心に残る一言

「二人が睦まじくいるためには愚かでいるほうがいい」
これは、吉野弘さんの創られた詩、『祝婚歌』の冒頭の部分です。普通は、「二人が仲良く過ごすためには、思いやりの心を持ちなさい」とか、「相手に対して優しくしなさい」とか言いそうですが、吉野さんは、「愚かでいるほうがいい」と言われているのです。通常の発想とは全く違います。ただ、この内容は、浄土真宗の味わいに、とても近いように感じます。
親鶯聖人は、お手紙(『親鶯聖人御消息』)の中で、「世のなか安穏なれ 仏法ひろまれ」という言葉を残されています。
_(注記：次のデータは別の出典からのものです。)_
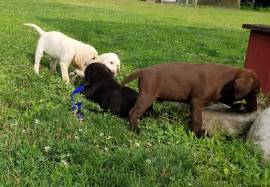 Disponibili cuccioli di labrador retriever.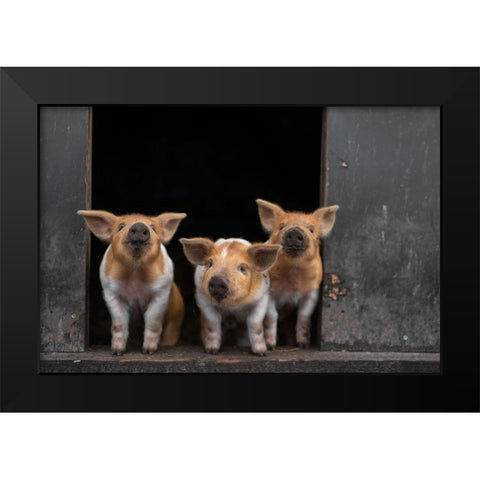 3 Black Modern Wood Framed Art Print by Van Den, Gert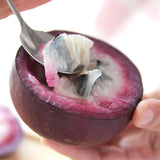 Semillas de fruto de leche: caimito, Chrysophyllum cainito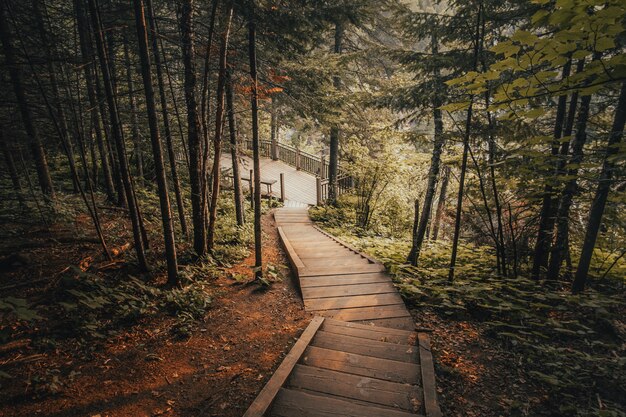 Beau plan d'escaliers en bois entouré d'arbres dans une forêt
この「世のなか安穏なれ」という言葉は、「世の中が安らかで穏やかになりますように。そのために、思いやりの心を持った立派な人になりましょう」という意味ではないのです。
自己中心の心から離れられず、本当の意味で、他人のことを思いやることができない愚かな存在が、私たちなのです。そして、そのことに気づかせてくれるのが、仏さまのみ教えなのです。ですから、「世のなか安穏なれ」の後に、「仏法ひろまれ」という言葉が続くのです。
仏さまのみ教えによって、みんなが自らの愚かさ(自己中心性)に気づかされるところに、世の中が安穏になる道が、少しずつ開けてくるのです。